[Stored dataset items]
* * *
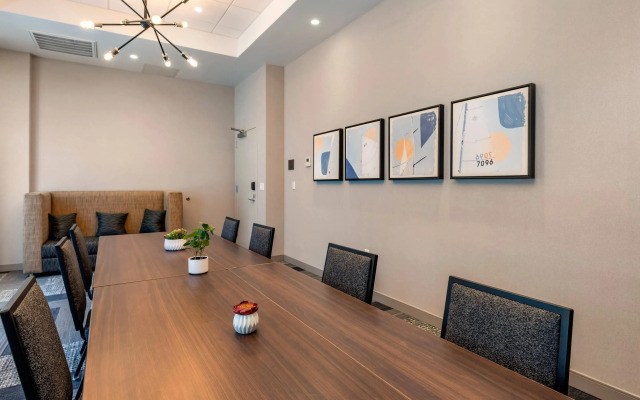 Cambria Hotel Minneapolis Downtown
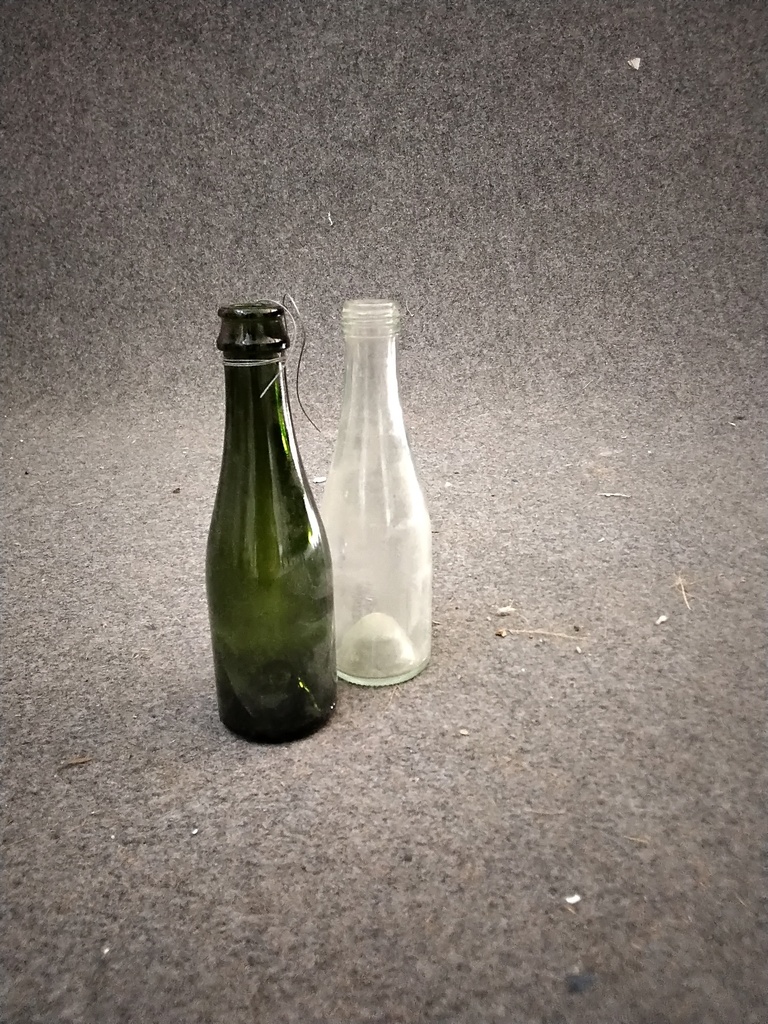 (SUD) petite bouteille verre à l'U 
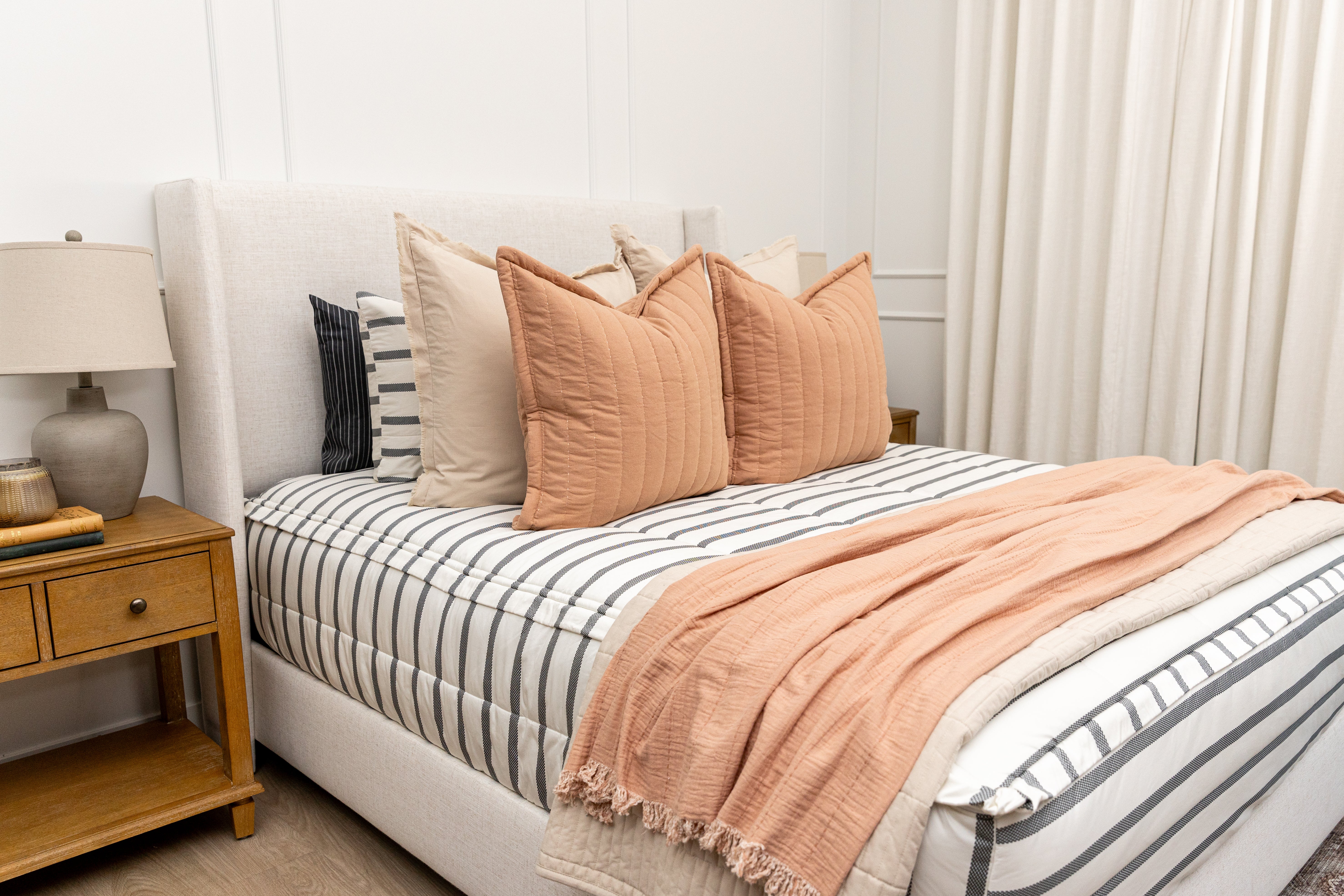Chandler Beddy's - Premium Comfort Bedding Set for Cozy Sleep | Perfect for Master Bedrooms, Guest Rooms & Airbnb Stays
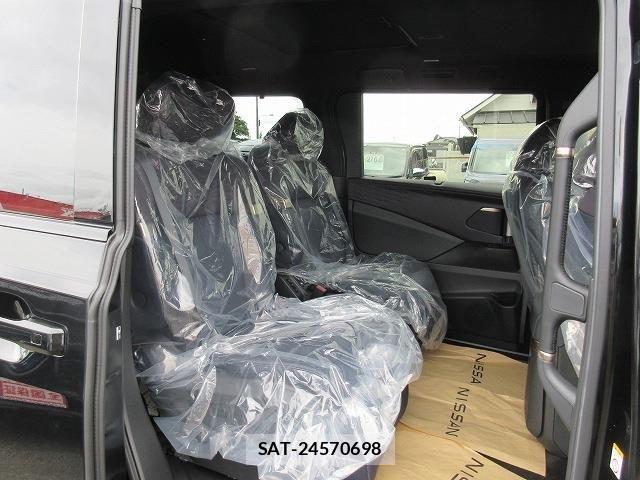 Nissan ELGRAND 2026-08 8828910-26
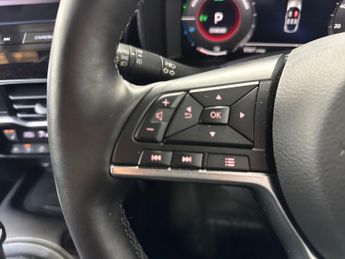 NISSAN JUKE 1.6 Tekna Suv 5Dr Petrol Hybrid Auto Euro 6 (143 Ps)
* * *
**Task instructions:**
Exactly the lines from the one with "Chandler Beddy's - Premium" through the end of the records are to be repeated, both ends included, and pictures are to be omitted.

**Expected answer:**
Chandler Beddy's - Premium Comfort Bedding Set for Cozy Sleep | Perfect for Master Bedrooms, Guest Rooms & Airbnb Stays
 Nissan ELGRAND 2026-08 8828910-26
 NISSAN JUKE 1.6 Tekna Suv 5Dr Petrol Hybrid Auto Euro 6 (143 Ps)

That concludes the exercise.